Please, somebody, add Unicode header to the spreadsheets!

You are here

Haruo's picture

When I download the CSV file of My Hymnals, one of the tear-my-hair-out annoyances is that the default encoding is ANSI. I have hymnals in a wide variety of writing systems, and It is unspeakably annoying to find titles like 

Песенник : Песнь возрождения (Pesennik : Pesn' vozrozhdeniya) (Songbook: Song of Rebirth)
Русско-американский сборник: Гимны Христиан - Russian-American Hymnal: Christian Hymns
ကီရ်ပိှသီ [The Church Hymnal With Notes Sagaw Kayin]
こども さんびか [Kodomo Sanbika]
聖歌 [Seika]
聖詩 (shèng shī) Hymnody
讃美歌 (Sanbika)
讃美歌 (Sanbika)
讃美歌 / 讃美歌第二編 (Sanbika/Sanbika Dainihen)
讃美歌 21 (Sanbika 21)
시편찬송가 (The Book of Psalms for Singing)
찬송과 예배 = Chansong gwa yebae = Come, Let Us Worship: the Korean-English Presbyterian hymnal and service book
 

where one ought to see

Песенник : Песнь возрождения (Pesennik : Pesn' vozrozhdeniya) (Songbook: Song of Rebirth)
Русско-американский сборник: Гимны Христиан - Russian-American Hymnal: Christian Hymns
ကီရ်ပိှသီ [The Church Hymnal With Notes Sagaw Kayin]
こども さんびか [Kodomo Sanbika]
聖歌 [Seika]
聖詩 (shèng shī) Hymnody
讃美歌 (Sanbika)
讃美歌 (Sanbika)
讃美歌 / 讃美歌第二編 (Sanbika/Sanbika Dainihen)
讃美歌 21 (Sanbika 21)
시편찬송가 (The Book of Psalms for Singing)
찬송과 예배 = Chansong gwa yebae = Come, Let Us Worship: the Korean-English Presbyterian hymnal and service book
 

A whole lot of resetting is necessary to get it to show the right characters.
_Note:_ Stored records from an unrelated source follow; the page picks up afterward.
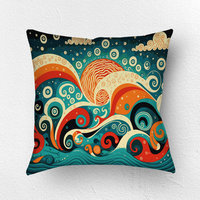 Nautical Folk Art Throw Pillow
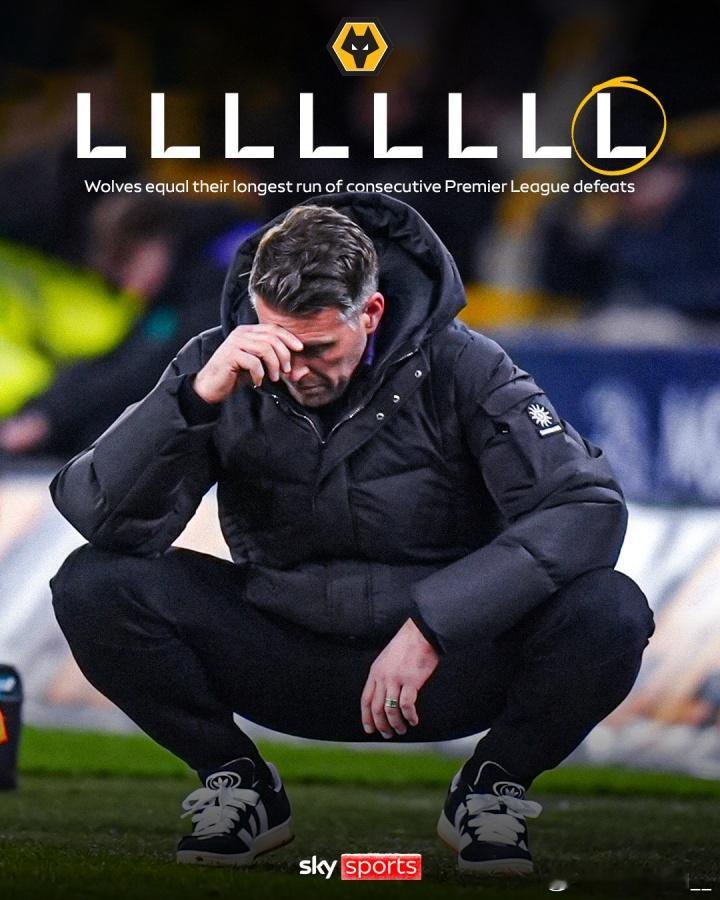 要几连败？本赛季英超，狼队14轮未尝胜绩，2平12负仅得2分，五大联赛“独一档”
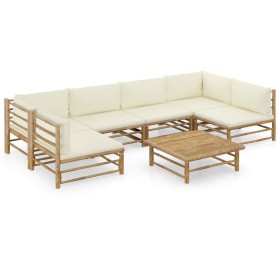 Set de muebles de jardín 7 piezas bambú y cojines blanco crema de vidaXL, Conjuntos de jardín - Ref: Foro24-3058233, Precio: ...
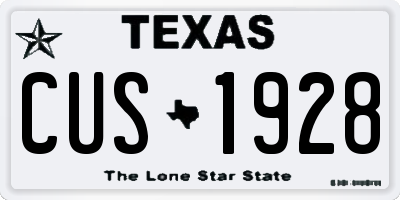 TX license plate CUS1928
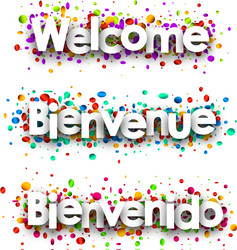 welcome paper banner with confetti vector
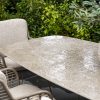 4 Seasons Outdoor Fabrice dining set latte met Prado tafel met keramisch blad in barrelvorm 240 x 105 cm - detail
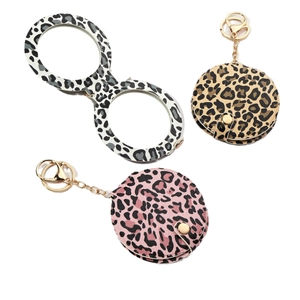 Portable leopard print PU leather makeup mirror keychain with dual-sided round mirrors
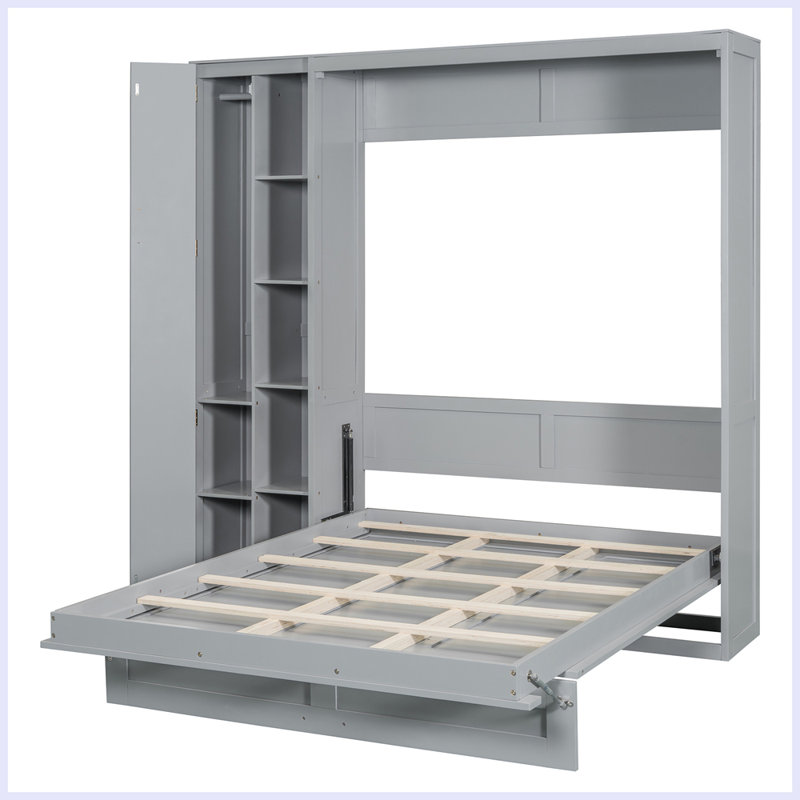 Lit escamotable moderne avec tablettes murales, Gris, Complète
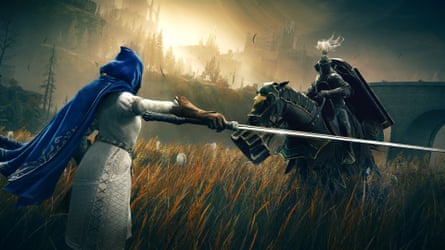 Screengrab with fighter with sword, knight on horseback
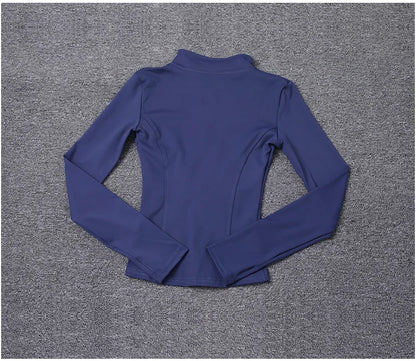 Women Sport Jacket Long Sleeve Shirt Workout Gym Training Clothing Yoga Sportswear
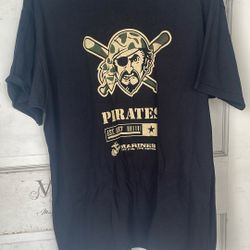 Pittsburgh Pirates US Marines T Shirt Black Camo Logo XL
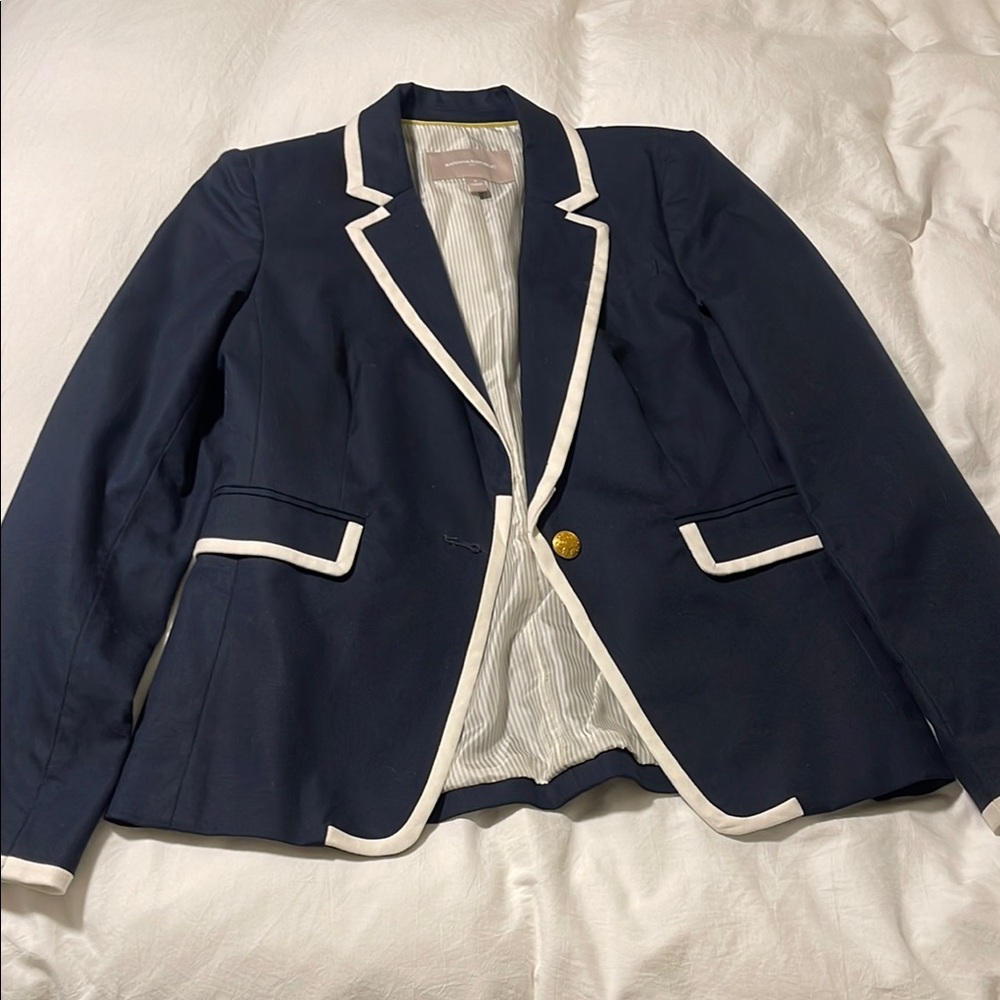 Banana Republic Navy Blazer with White Trim
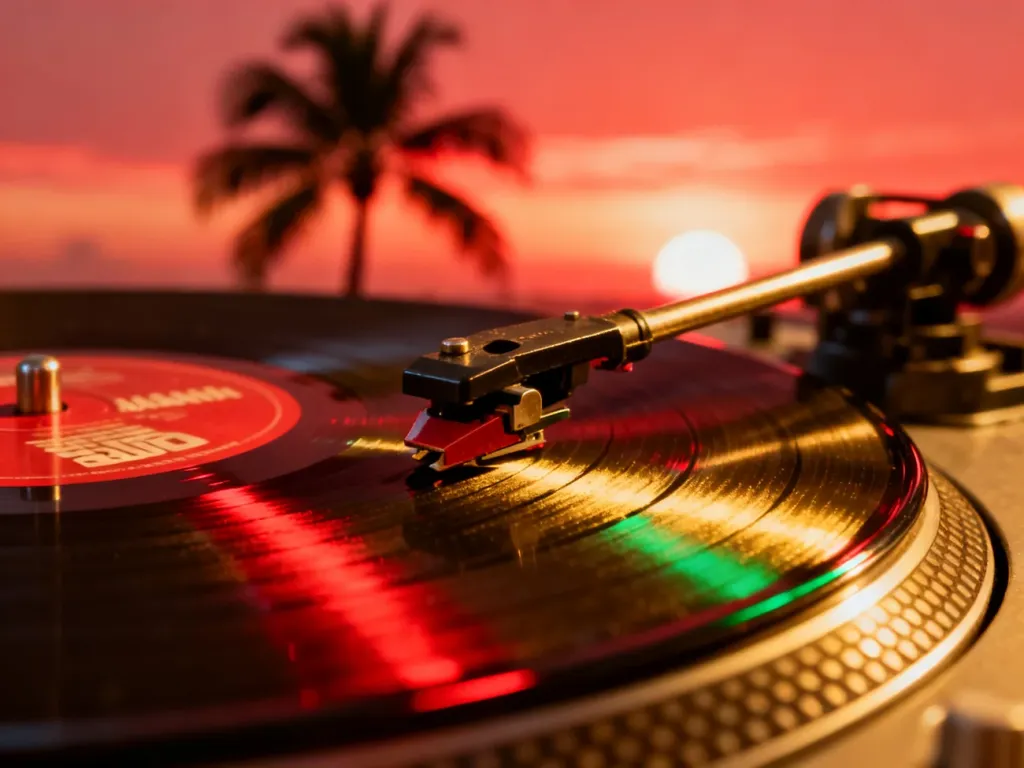 Igła gramofonowa na płycie winylowej w otoczeniu barw reggae, nawiązująca do klimatu i historii tego gatunku muzycznego.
Even Spanish, French and German look ridiculous. Where Spanish has ¡ the spreadsheet has Â¡ ... the Welsh hymnal "Mawl a chân" is miswritten "Mawl a chân" ... the Mazatec hymnal "Ki̱jndá‑lá Na̱'ín‑ná ‑ Cantemos al Señor (Segunda edición)"  is turned into "Ki̱jndá‑lá Na̱'ín‑ná ‑ Cantemos al Señor (Segunda edición)". The header of the file that one downloads should specify Unicode UTF-8. At the moment it presumably doesn't specify an encoding, since practically any other option would be better for other alphabets than the ANSI default.

Please!

The librarians I just discussed this with join me in my plea.

Leland Ross


Comments

Are you opening the CSV in Excel? If using Excel on Windows 1. Open Excel 2. Open a blank sheet 3. Go to the “Data” tab 4. Select “Get Data” > “From File” > “From Text/CSV" 5. Select the CSV file 6. Select “65001: Unicode (UTF-8)” for the file origin and “Comma” for the delimiter 7. Click “Load." If you are using Excel on a Mac  1. Open Excel 2. Open a blank sheet 3. Click “File” > “Import” 4. Select “CSV file”, then click “Import” 5. Select the CSV file 6. Select “Delimited” and select “Unicode (UTF-8)” for file origin, then click “Next >” 7. Select “Comma” as the delimiter, then click “Finish” 8. Select a location to import the data

Thanks, Dianne, but I'm tired of first of all having to remember all those steps and then go through them, especially that knowing (I am assured by people who know more than I do) that by including a simple short bit of code by default, similar to the HTML piece I illustrate below, those of us using alphabets other than Pure English with no façades or toupées, let alone Arabic or Kanji, could be put on an equal footing. UTF-8 is the almost perfect solution. I'm probably the most diversely scripted user you've got, but I'm sure I'm not the only one, and this issue will cause problems even for people who are just doing Spanish. I know the workaround, but I also know how time-consuming it is even for someone (like me) who has done it numerous times, but what about the user who's never run into Korean hangul that looks like "시편찬송가" before. If I hadn't had helpful librarians to walk me through it several times till it became still annoying but old hat, I would be like I used to be, going through my list line by line highlighting and replacing each failed foreign letter with the correct one, one at a time, and by the time my two hours on the library computer were up I might have a copy I could post publicly without getting weird comments.

When I create a webpage, the code immediately after the beginning of the head section tells the world's computers what encoding to use. It looks like this:

<html>
  <head>
    <meta charset="UTF-8">

Neither I nor any techier person I've run this by seriously believes it can be much harder to do the same by default for the Hymnary system of CSV creation. If it really is impossible, let me know and I will redirect my complaint to Microsoft or whoever came up with CSV's (I'm untechy enough that I don't know why we have spreadsheets that are CSV and others that are XML (which latter the Seattle Public Library every time warns me are dangerous and asks if I'm sure I want to open such a thing) instead of just Excel (xls/xlsx) formats. 

It's reminiscent in a way of the JP2's that were making my life purgatory for awhile there until you (mostly) fixed the problem. It still crops up from time to time, but it's not ubiquitous like it was for a while there.

Our CSVs are encoded with UTF-8. The problem is Excel understands ANSI by default. This is why you need to manually specify in Excel that the file is encoded with UTF-8. LibreOffice and Google Sheets default to understanding UTF-8 so they should open the CSVs correctly. 

The librarians misled me then. I'll let them know, and I'll complain to Microsoft. When I get my own computer hooked back up again, I'll have LibreOffice or the like and the problem will go away! Yay! But seriously, what kind of mental block would lead Microsoft to give Excel such parochial encoding?! (And I mean "parochial" in the less-than-laudatory sense, not "parish-owned [school]"!.